Shri G. Baskar, the Ld.counsel for the assessee submitted that the interest on delayed payment of sales tax is only compensatory in nature, therefore, it cannot be disallowed while computing total income.
We have heard Ms. S. Vijayaprabha, the Ld. Departmental Representative also. Delayed payment of interest is compensatory in nature, therefore, this Tribunal is of the considered opinion that for delayed payment of sales tax, the interest paid by the assessee cannot be disallowed while computing the total income.
The next issue arises for consideration is disallowance of `68,538/-.

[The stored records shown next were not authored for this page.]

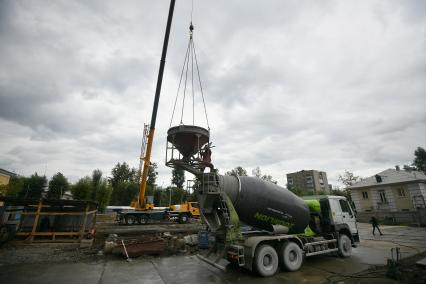 Екатеринбург. Рабочий у бетономешалки,на месте строительства многоквартирного жилого дома ЖК \'Новация\', строящегося в рамках программы комплексного развития территории, на месте ранее снесенных аварийных бараков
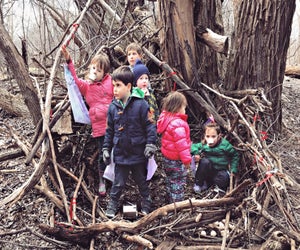 Discover the natural world at a Tinkergarten Trial Class. Photo courtesy of Tinkergarten/Facebook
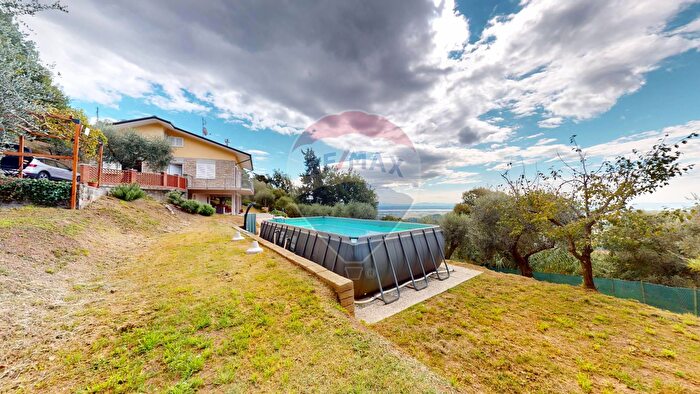 Casa con 7 locali in vendita in Via delle Quercie, Massarosa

Shri G. Baskar, the Ld.counsel for the assessee, submitted that while computing the total income, the assessee itself disallowed the interest on the TDS amount. The Assessing Officer without verifying the computation, disallowed the same once again.
Therefore, it needs to be verified.
We have heard Ms. S. Vijayaprabha, the Ld. Departmental Representative also. Since the assessee claims that the interest on TDS was already disallowed, this Tribunal is of the considered opinion that the Assessing Officer needs to verify the same. Accordingly, the orders of both the authorities below are set aside and the issue of disallowance of `68,538/- towards interest on TDS amount is remitted back to the file of the Assessing Officer. The Assessing Officer shall re-examine the matter and decide the issue in accordance with law, after giving a reasonable opportunity to the assessee.

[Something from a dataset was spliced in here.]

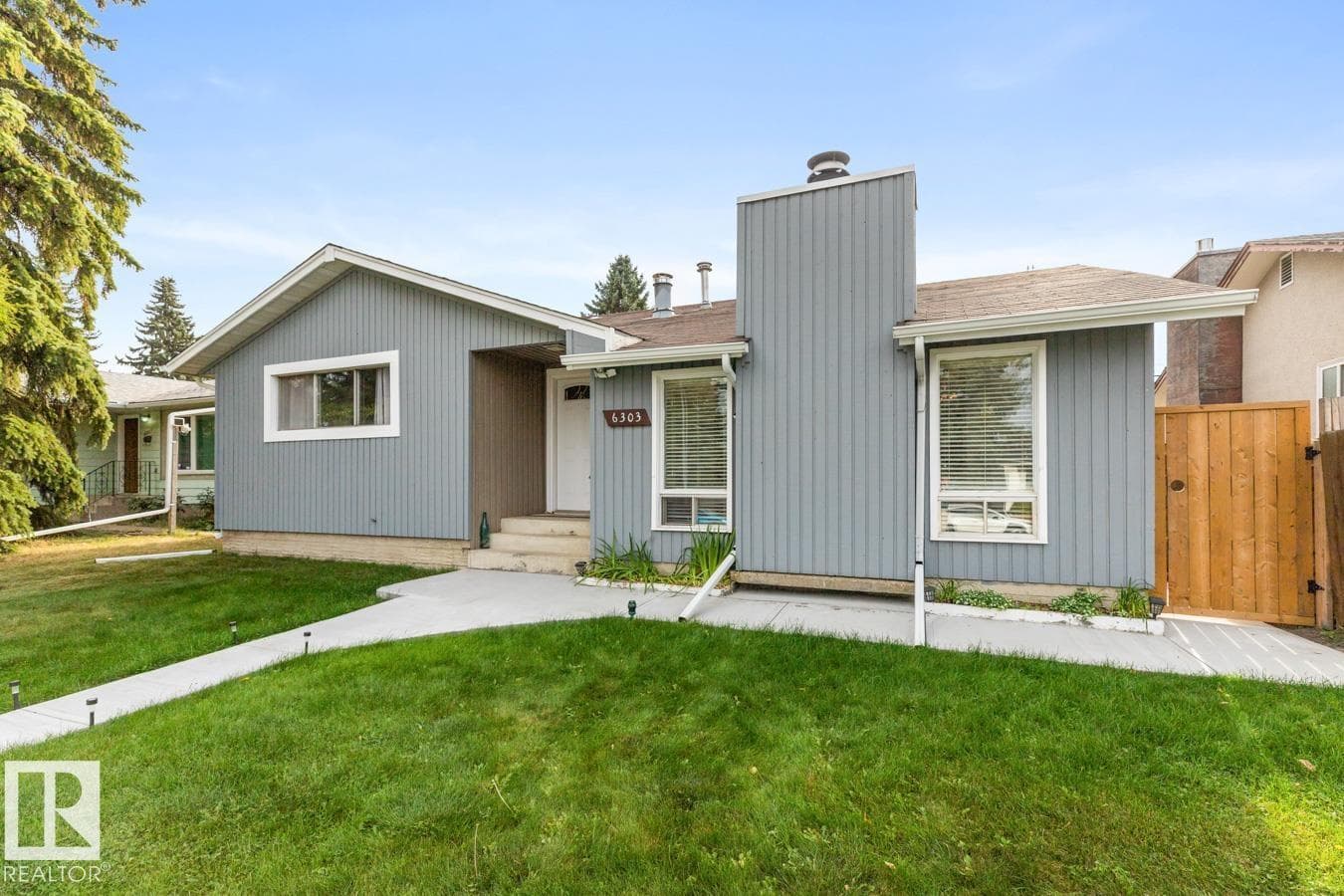 6303 89 AV NW — photo 2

The next issue arises for consideration is disallowance of `92,116/- being the interest paid on credit card.
Shri G. Baskar, the Ld.counsel for the assessee, submitted that this amount was paid only for the purpose of business, therefore, there cannot be any disallowance.
On the contrary, Ms. S. Vijayaprabha, the Ld. Departmental Representative, submitted that it cannot be said that the credit card was used only for the purpose of business. Since personal element cannot be ruled out, the Assessing Officer has rightly disallowed the payment of `92,116/-.

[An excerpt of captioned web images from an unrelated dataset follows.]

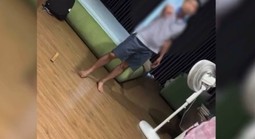 Xác minh clip người đàn ông vung dao dọa thợ khóa ở TPHCM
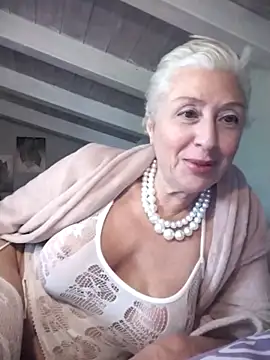 divinaerotica online show from 04.13.26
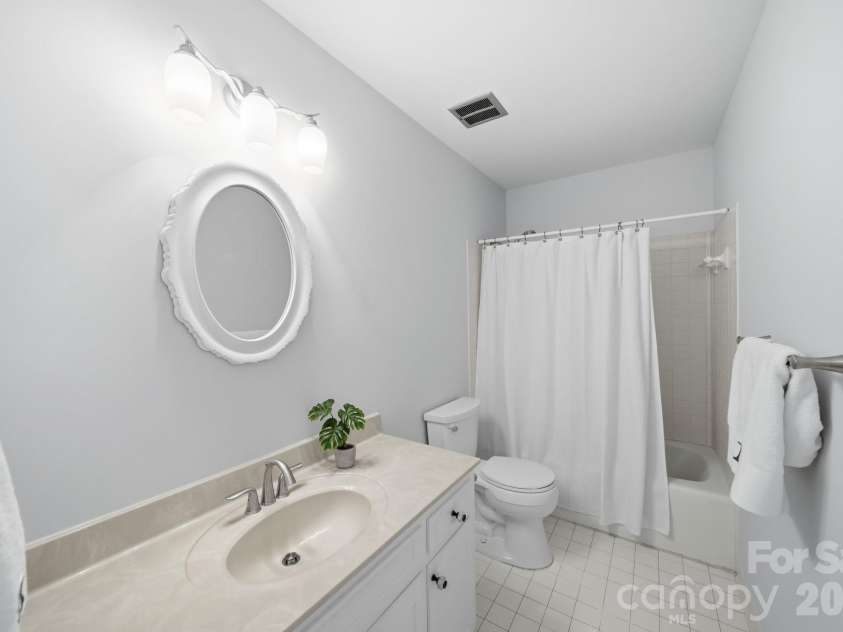 5136 Dunes Court, Charlotte, NC 28226.  MLS# CAR4354708, YatesRealty ID 18199.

We have considered the rival submissions on either side and perused the relevant material available on record. The assessee claims that interest paid on credit card is only for the purpose of business and the Department contends that the personal element cannot be ruled out. In those circumstances, this Tribunal is of the considered opinion that the expenditure incurred by the assessee through credit card needs to be examined. If the payment was made only for business purpose, then there cannot be any disallowance of interest. In case, the credit card was used for meeting personal expenditure, then such expenditure cannot be allowed. Therefore, these aspects need to be verified. Accordingly, orders of both the authorities below are set aside and the issue is remitted back to the file of the Assessing Officer. The Assessing Officer shall re-examine the matter afresh and decide the issue in accordance with law, after giving a reasonable opportunity to the assessee.
The next issue arises for consideration is with regard to disallowance of Customs duty to the extent of `5,36,187/-.
Shri G. Baskar, the Ld.counsel for the assessee, submitted that the Assessing Officer disallowed `5,36,187/- on the ground that there was no evidence for payment of Customs duty. According to the Ld. counsel, the Customs duty was actually paid and the assessee is willing to provide evidence before the Assessing Officer.
We have heard Ms. S. Vijayaprabha, the Ld. Departmental Representative also. Since the assessee is ready to provide the evidence, this aspect can be verified by the Assessing Officer on the basis of the evidence that may be filed by the assessee for payment of Customs duty. Accordingly, the orders of both the authorities below are set aside and the issue of disallowance of `5,36,187/- towards the payment of Customs duty is remitted back to the file of the Assessing Officer. The Assessing Officer shall re- examine the issue on the basis of the material that may be filed by the assessee and decide the issue afresh in accordance with law, after giving a reasonable opportunity to the assessee.
In the result, the appeal for assessment year 2012-13 in is allowed and the appeal for assessment year 2014-15 in I.T.A. No.1797/Mds/2017 is allowed for statistical purposes.
Order pronounced on 17th October, 2017 at Chennai.